Data work in software is like any other software work. One thing critical to do is to make sure that all of the code you write is in source control.
This can help in several ways. First, if you need to change something already on production, you have a starting point. Second if an employee goes out on vacation or emergency leave or gets seriously ill (they shoudl be checking into a personal branch daily at a minimum), you have a record of what he or she was working on for someone else to use to continue the project. Third, the code can also often be used as starting point for new projects. Fourth, it makes it easy to code review everything and it ensures that only the official version is sent to production as none of your researchers should have direct rights on the production databases and code they write to query it should always be pushed by someone else for security reasons. Finally, if it is organized by type of project, you can look at what was checked in to see what lines of research have been worked on. Since alot of things won;t work out, I would suggest that all lines of research get checked in and that you havea separate location for deployments of things that are approved to go to production. Source control can also store documents as well as code. We put reuirements in there and some othere documents. IN your case, again , it is agood way to store onformation you collected for reseaech where others can see it and know what you did and did not do.
Another critical item is that all code should be code reviewed. We review 100% of all code here including any database imports/exports/reporting queries/ analyses/changes. This ensures all are familar with more than their own code. IT helps people see different ways of approaching problems and learn new techniques and it catches a lot of errors before they go into production.
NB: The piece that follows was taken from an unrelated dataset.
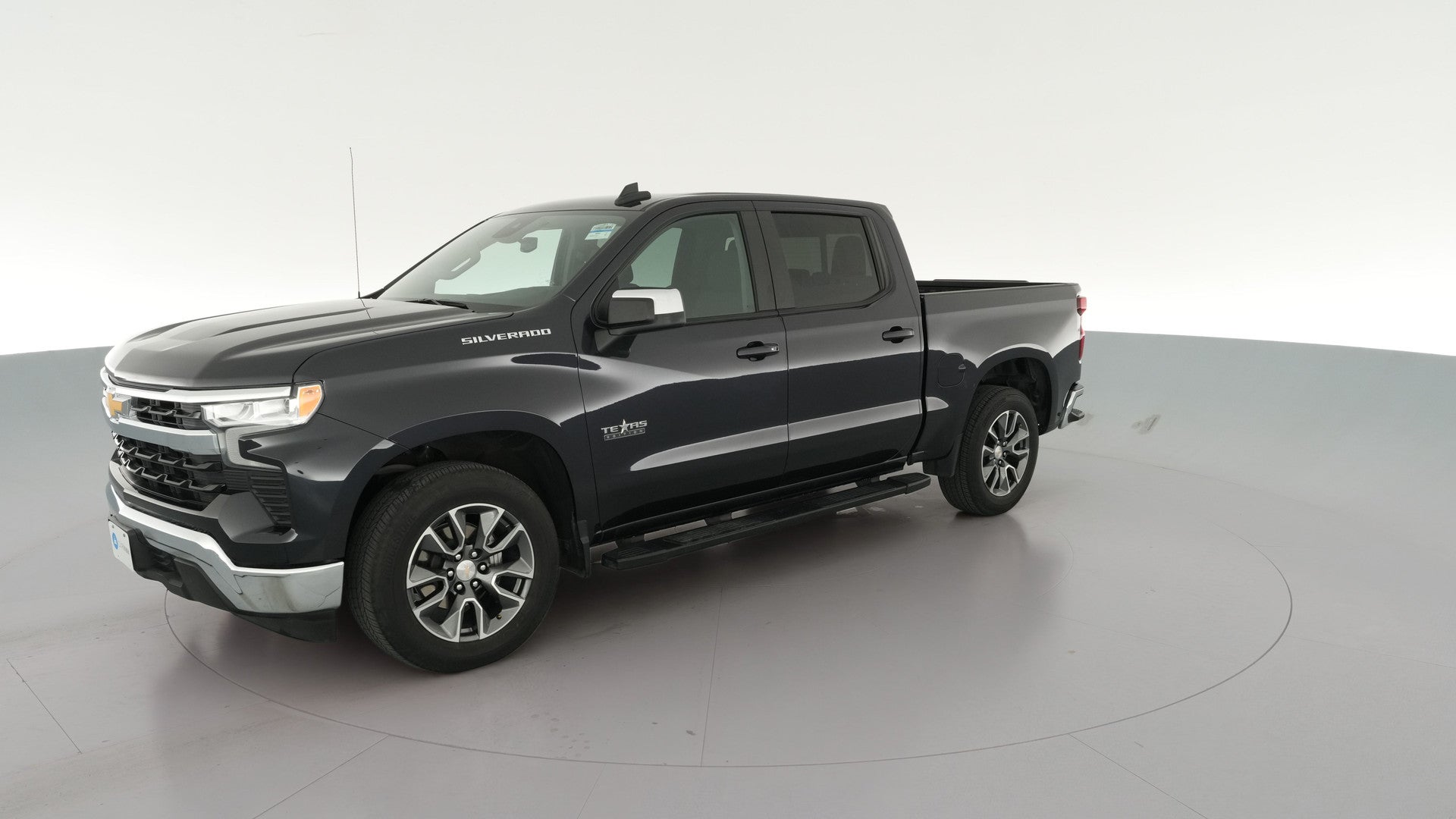 2023 Chevrolet Silverado 1500 Crew Cab vehicle photo
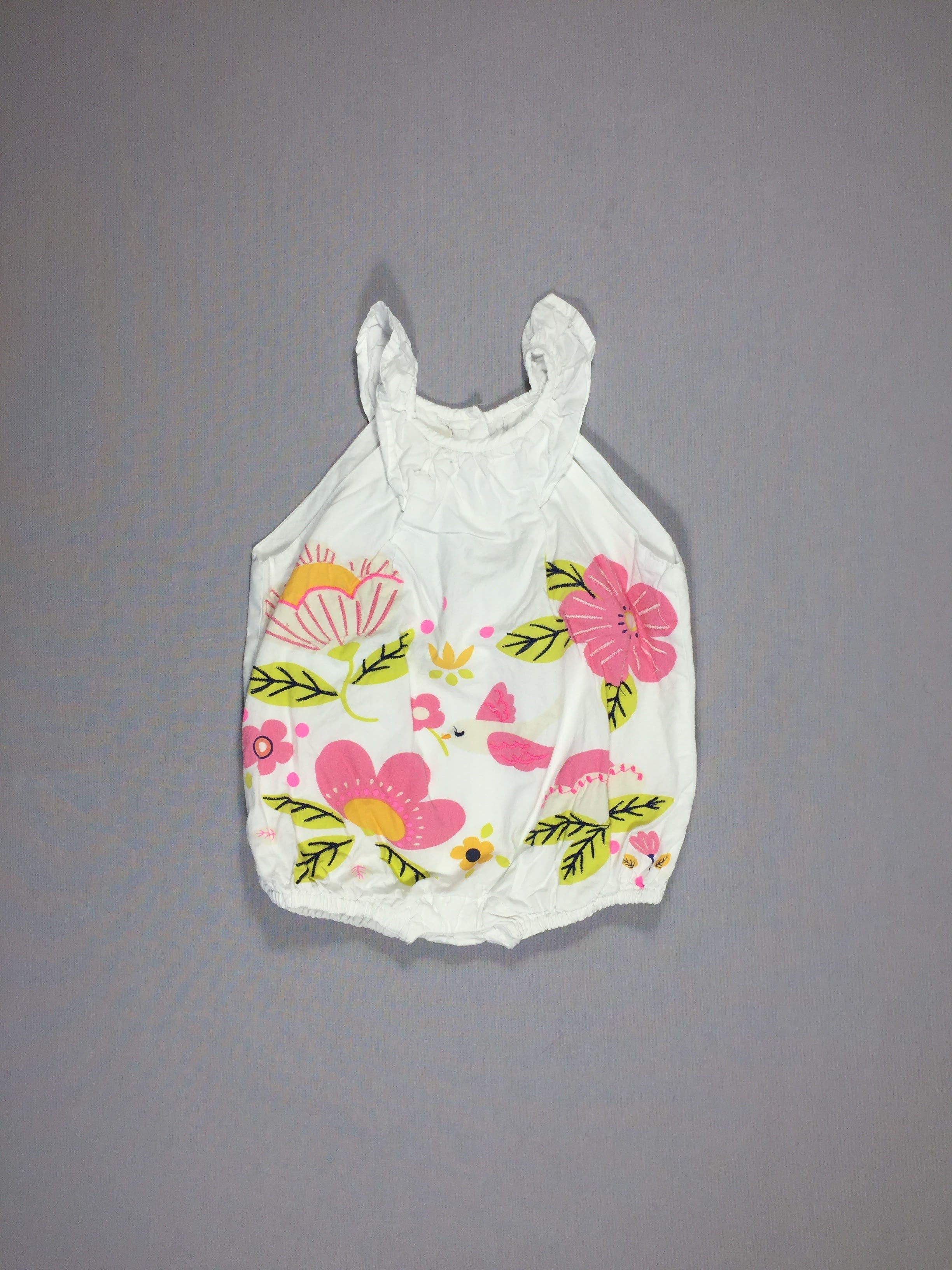 Combishort s.m blanche - grandes fleurs roses feuilles vertes (à repasser)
Jira can work fine as a ticketing system. What is critical though is that no one on the team including yourself, start to work on something that does not have a ticket. Ticketing systems are only as good as your willingnees to use them. YOu have to mdel good habits to your subordinates and you have to make sure they are not allowed to circumvent the system.
AS far as managing projects, generally I prefer to havea daily meeting where everyone says their progress and tell what they are planning to do. You might make it twice a week if you think daily is too intrusive. Meeting should not cover how to fix problems just state what roadblcoks they have run into and you can then get together with just the people involved in fixing the roadblock after the meeting. I recomment you spend no more than five minutes on each person's status in the status meeting and anythign that needs more depth be put off until after and then only includes the people directly affected.
Another thing to realize is that getting rid of their roadblocks is now more critical than any direct data analyses you want to do. You should never be assigned to the mroe ciritical taks becasue you will be frequently pulled off to make sure others can keep going.